RECORDS FOR PROCESSING below:
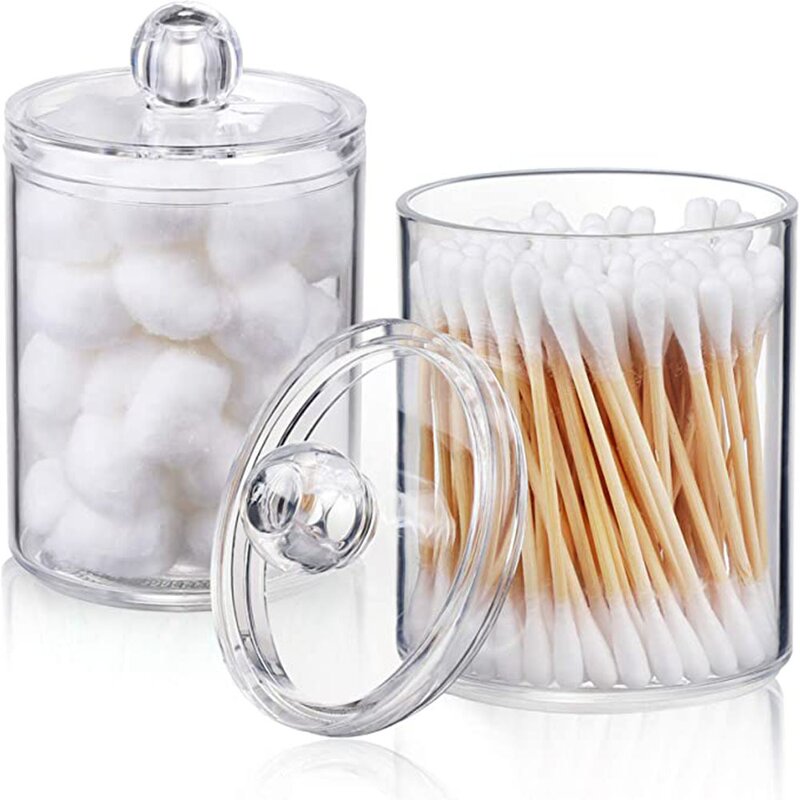 Cotton Ball Dispenser Manufacturer - Holder for Swab Round Pads Floss Picks 10 oz Clear Plastic Apothecary Jar Set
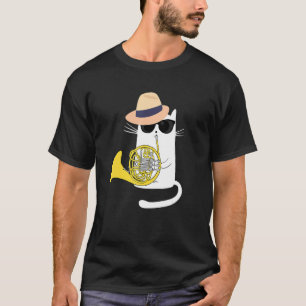 Jazz Funk & Soul Cool Cute Cat Playing French Hor T-Shirt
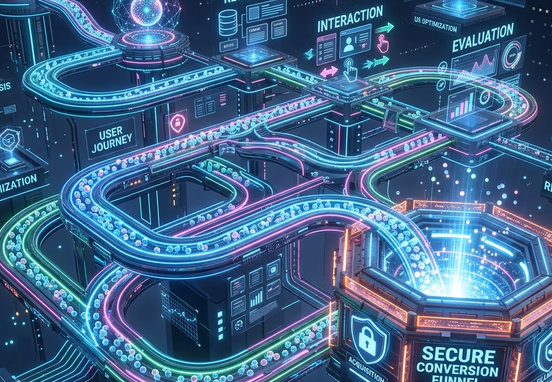3D floating user journey pathway with clean neon trails guiding users into secure conversion funnel element abstract engineering.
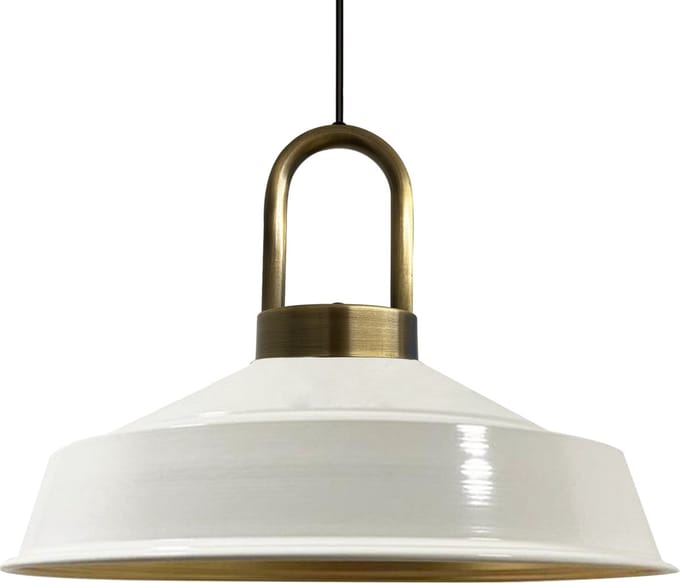 Bamyum Asletl-Lock Hanglamp Industrieel van Metaal Ø40 cm, Vintage Hanglamp, E27, Wit Lamppendel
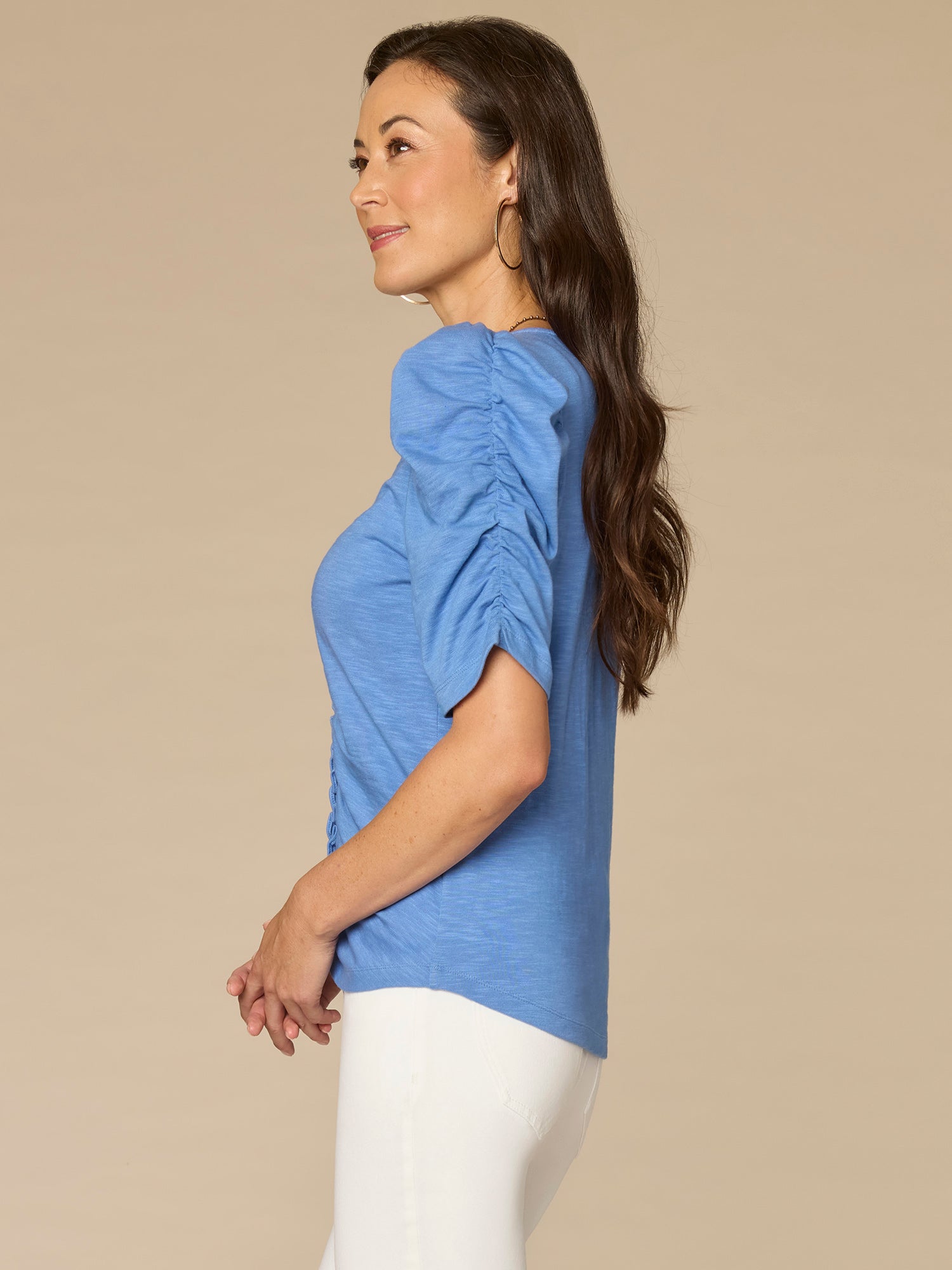 Elbow Shirred Puff Sleeve V-Neck Ruched Front Knit Top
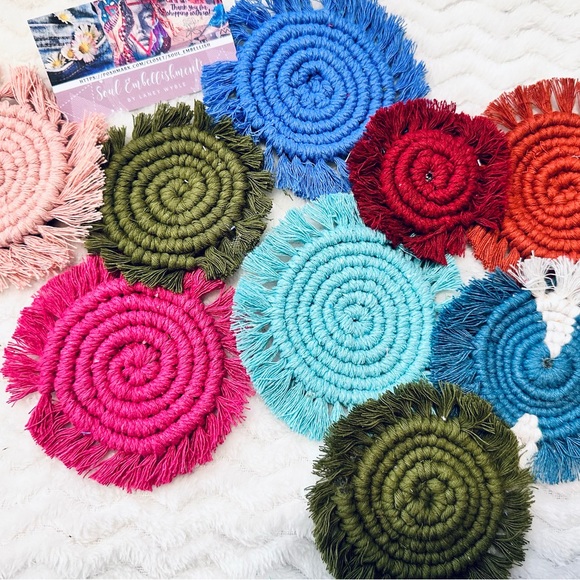 NEW [5pc] @soul_embellish Handwoven Macramé Coasters Furniture Savers Home Decor - Picture 11 of 16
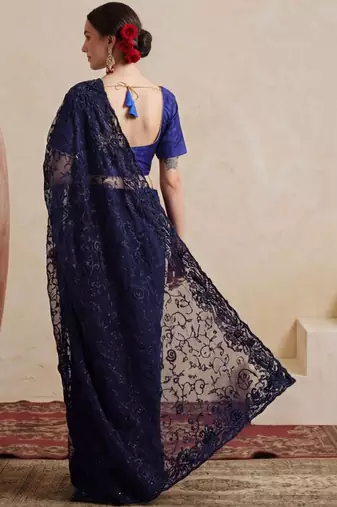 Navy blue embellished embroidered net designer saree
End of RECORDS FOR PROCESSING.
=== WHAT TO WORK ON ===
Return a verbatim transcription of the data, omitting all images.

=== TASK OUTPUT ===
 Cotton Ball Dispenser Manufacturer - Holder for Swab Round Pads Floss Picks 10 oz Clear Plastic Apothecary Jar Set
 Jazz Funk & Soul Cool Cute Cat Playing French Hor T-Shirt
3D floating user journey pathway with clean neon trails guiding users into secure conversion funnel element abstract engineering.
 Bamyum Asletl-Lock Hanglamp Industrieel van Metaal Ø40 cm, Vintage Hanglamp, E27, Wit Lamppendel
 Elbow Shirred Puff Sleeve V-Neck Ruched Front Knit Top
 NEW [5pc] @soul_embellish Handwoven Macramé Coasters Furniture Savers Home Decor - Picture 11 of 16
 Navy blue embellished embroidered net designer saree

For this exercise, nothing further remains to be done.